Corporations however are not looking at internal audit as just a tool to meet the compliance needs - they are no longer the whistle blowers of the company. Difficult economic conditions and heightened shareholder expectations have put pressure on executive management and audit committees to improve risk management and deliver greater value.
As a matter of fact, a study conducted by Institute of Internal Auditors says that more than 40 percent of internal auditors within the financial services sector felt that better risk management practices could have helped prevent their firm’s current financial situation.
Developing an overall risk management infrastructure, rather than a problem-solution approach can be a first step towards it. Corporations can leverage internal audit’s core competencies, going beyond traditional financial and compliance functions, to act as a powerful tool for risk management.

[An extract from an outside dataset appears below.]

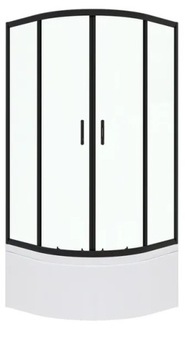 KABINA PRYSZNICOWA Z POLSKIM GŁĘBOKIM BRODZIKIEM KAMA BLACK 90X90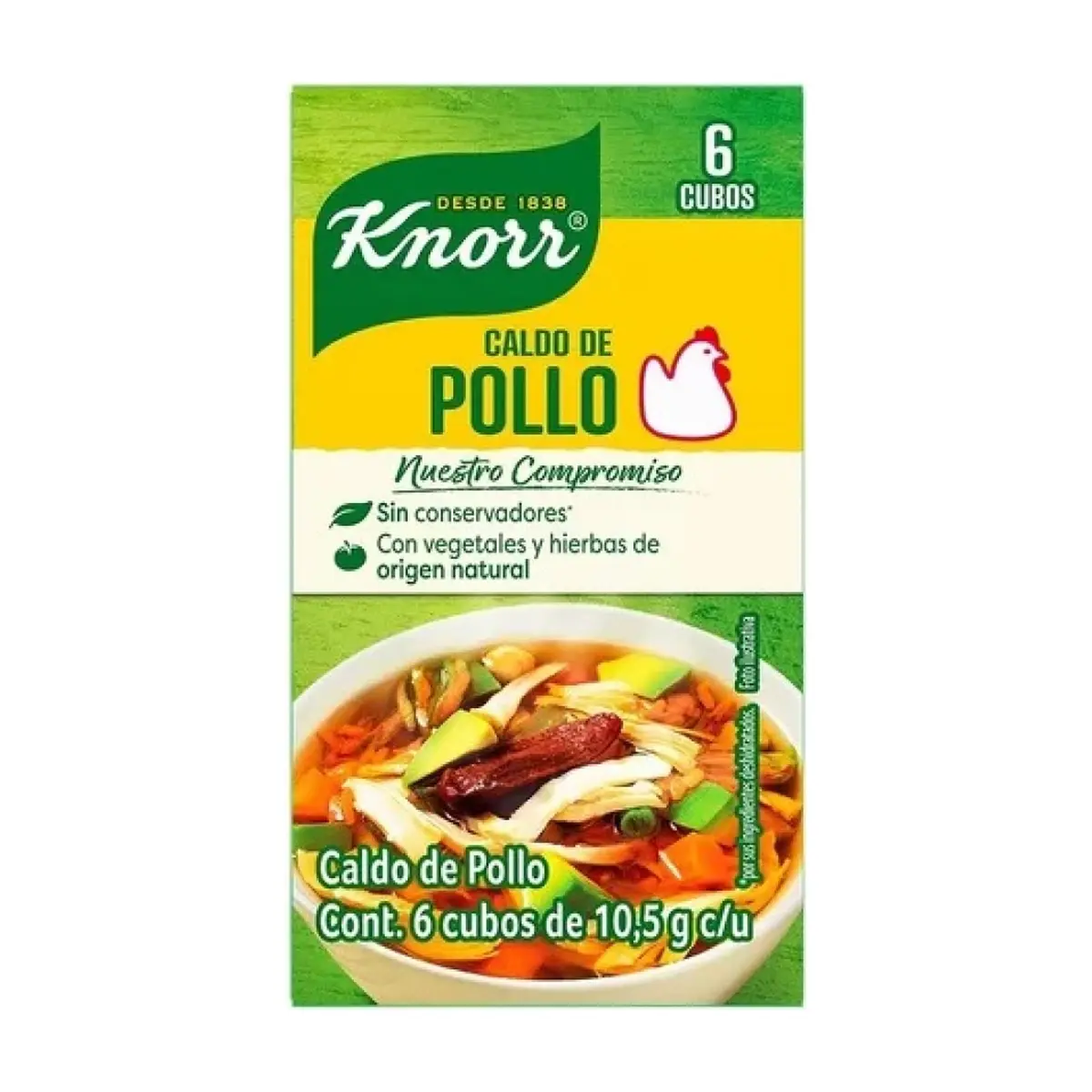 Cubos de caldo de pollo con vegetales y hierbas Knorr (6 x 10.5 g) - Miniatura 2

Internal auditors will need to work collaboratively with the chief risk officer’s to understand complex industry issues and with all stakeholders to realign audit coverage, and to focus a portion of their audit plan on management’s strategic initiative around risk management that are critical to stakeholder value. By doing so, internal audit will provide the overall assurance and risk management oversight that can help drive business success related to your strategic initiatives.